[Date Prev][Date Next][Thread Prev][Thread Next][Date Index][Thread Index]
Re: Null character in replacement
From: |
Bob Proulx |
Subject: |
Re: Null character in replacement |
Date: |
Thu, 23 Oct 2014 12:32:59 -0600 |
User-agent: |
Mutt/1.5.23 (2014-03-12) |
Zachary Vance wrote:
> sed -e 's/^$/\x00/' replaces empty lines with the a line containing the
> null byte.
$ echo "" | sed 's/^$/\x00/' | od -tx1 -c
0000000 00 0a
\0 \n
> sed -e "s/^$/\0/" (in bash, an s// expression containing a literal zero
> byte) performs no replacements on the stream.
It does here.
bash$ echo "" | sed "s/^$/\0/" | od -tx1 -c
0000000 0a
\n
> I am not sure if this is simply user error (including error understanding
> how bash parses strings before it reaches sed), but I thought I'd report it
> in case it was a parsing bug.
The "\0" in bash does not create a literal zero byte.
bash$ echo "s/^$/\0/" | od -tx1 -c
0000000 73 2f 5e 24 2f 5c 30 2f 0a
s / ^ $ / \ 0 / \n
Additionally you should quote the "$/" expansion for safety. Works
but isn't safe. Using single quotes to avoid $ expansion is better as
you know from your other example.
Additionally \0 is a regular expression back reference.

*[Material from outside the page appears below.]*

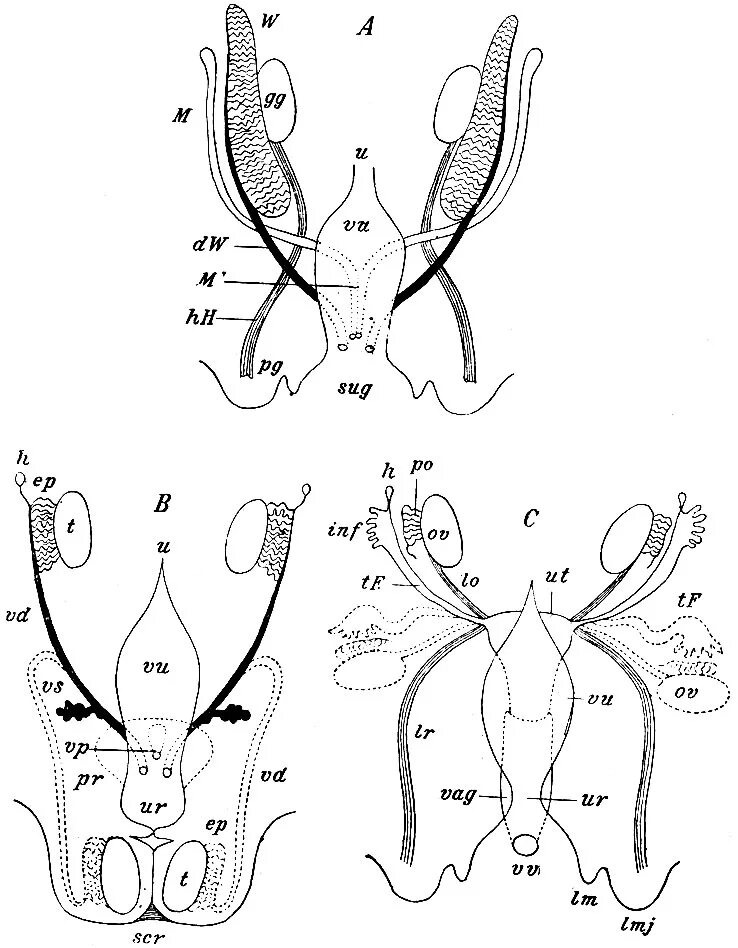 схема половых органов женщины. внутренние половые органы женщины. строение женских. строение женской половой системы. схема индифферентной стадии развития репродуктивной системы,.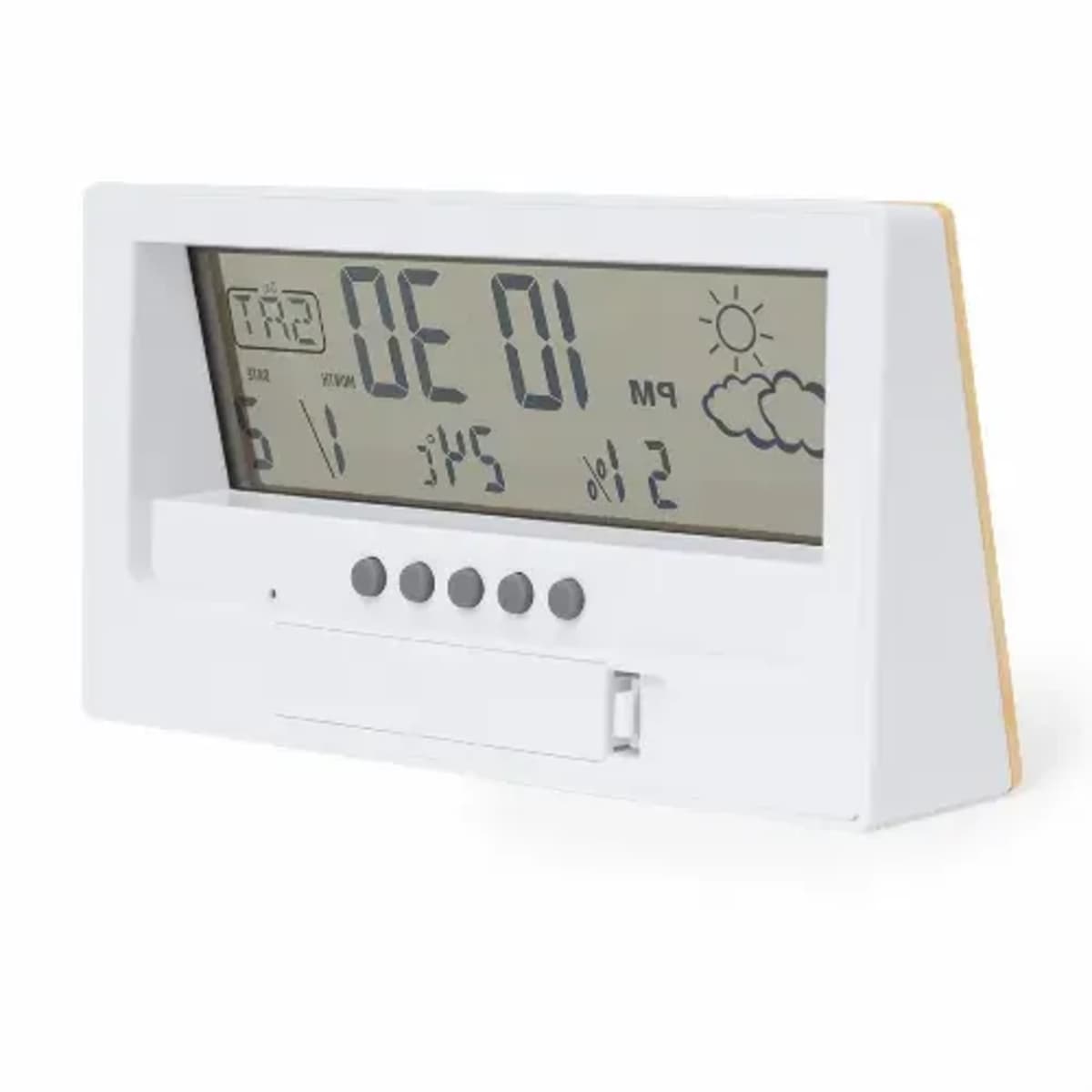 Weather Station - Roamer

Your substitution works for me. With the definition of works that it
does what I expect it to do.
bash$ echo "" | sed "s/^\$/\0/" | od -tx1 -c
0000000 0a
\n
bash$ echo "" | sed 's/^$/\0/' | od -tx1 -c
0000000 0a
\n
The ^$ matches the empty line. The \0 backreference is empty because
there wasn't anything to reference and therefore the empty back
reference is used in the replacement. Perhaps these examples will
illustrate backreferences enough.
$ echo abc | sed 's/\(b\)/\1\1\1\1/'
abbbbc
$ echo abc | sed 's/.*\(b\).*/\1\1\1/'
bbb
$ echo abc | sed 's/.*\(b\).*/\0\0\0/'
abcabcabc
If you want to replace it with a literal backslash zero then you would
need to escape the backslash.
bash$ echo "" | sed 's/^$/\\0/' | od -tx1 -c
0000000 5c 30 0a
\ 0 \n
If that is done inside double quotes then there needs to be one set of
escaping for the shell expansion inside the double quotes and then
another set for sed's interpretation.
bash$ echo "" | sed "s/^\$/\\\\0/" | od -tx1 -c
0000000 5c 30 0a
\ 0 \n
Hope that helps,
Bob